• What is being asked
Restate word for word every entry that appears below, skipping its pictures.

• Dataset entries
----

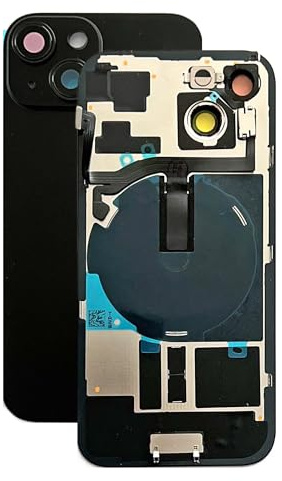 SVV Backcover, Akkudeckel passend für iPhone 15 Serie. Vormontiert : mit QI/NFC Flexkabel, Magnet, Metallträger, Kameraringe, etc. Genau wie auf das Foto. Ersatzrückglas. OEM (Schwarz)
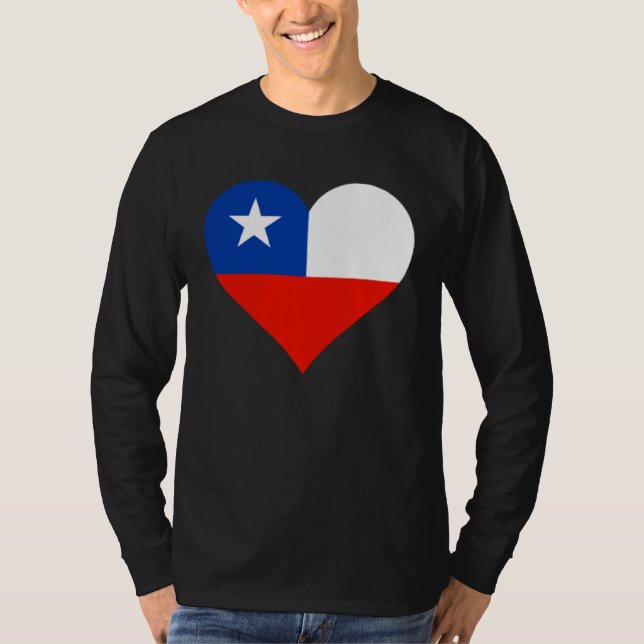Camiseta Chile Flag Heart Chile  Love Chile (Frente)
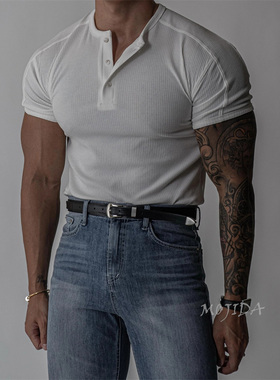 韩国代购东大门男装肌肉弹力修身弹力TEE亨利领宽松短袖T恤TS4398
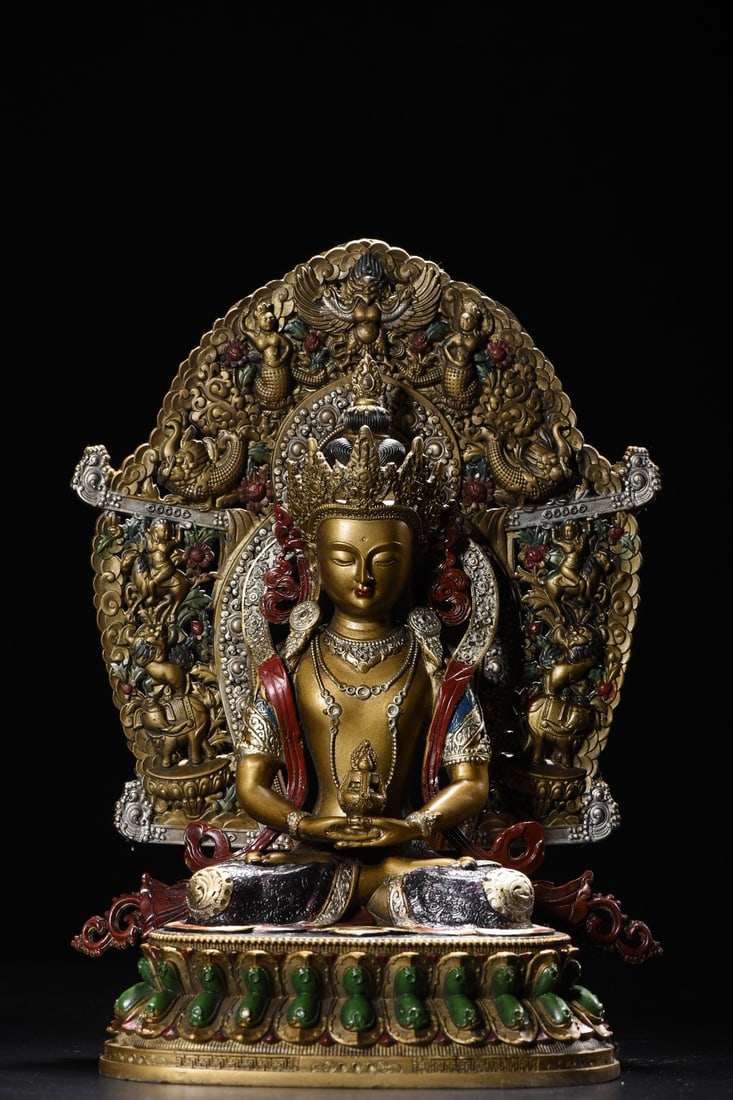 Copper Painted Longevity Buddha Statue: A bronze painted statue of the Buddha of Longevity, 27cm high, 20cm wide, 11cm thick, and weighing 1455g. Provenance:from the collection of George Stopher, Kent, purchased from P&M Waldo Antiques, Lon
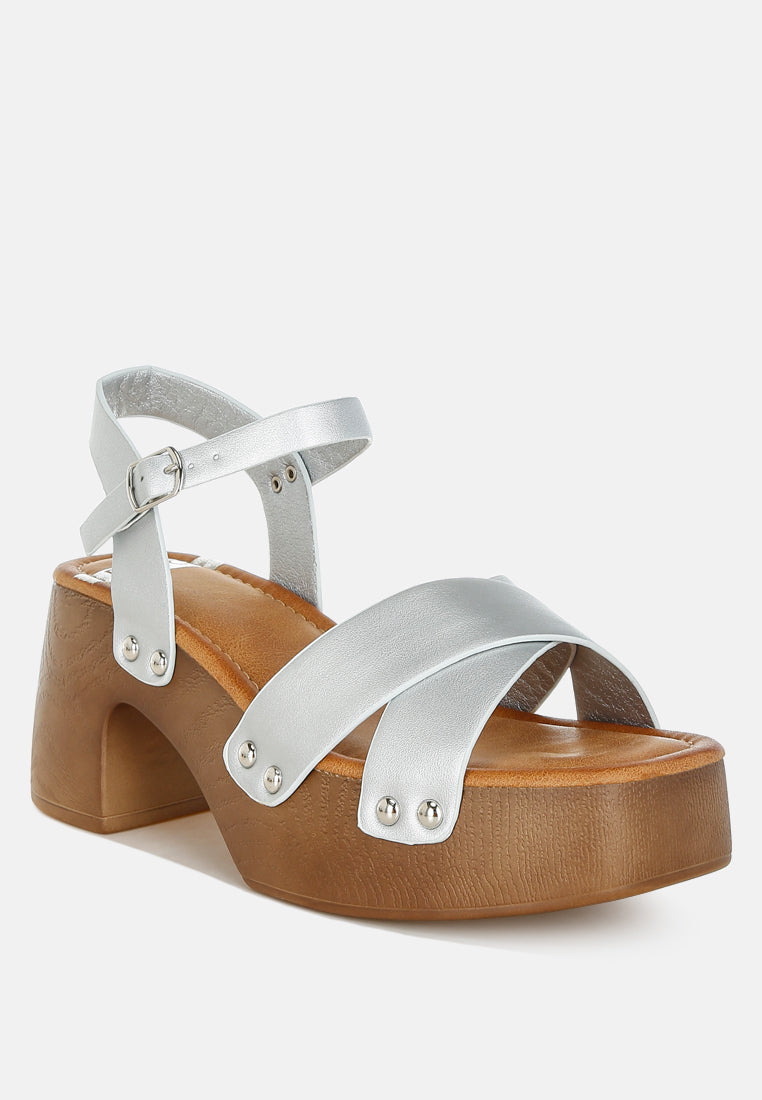 Morasa Metallic Pleather Clog Sandals-1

----

• Expected answer
 SVV Backcover, Akkudeckel passend für iPhone 15 Serie. Vormontiert : mit QI/NFC Flexkabel, Magnet, Metallträger, Kameraringe, etc. Genau wie auf das Foto. Ersatzrückglas. OEM (Schwarz)
Camiseta Chile Flag Heart Chile  Love Chile (Frente)
 韩国代购东大门男装肌肉弹力修身弹力TEE亨利领宽松短袖T恤TS4398
 Copper Painted Longevity Buddha Statue: A bronze painted statue of the Buddha of Longevity, 27cm high, 20cm wide, 11cm thick, and weighing 1455g. Provenance:from the collection of George Stopher, Kent, purchased from P&M Waldo Antiques, Lon
 Morasa Metallic Pleather Clog Sandals-1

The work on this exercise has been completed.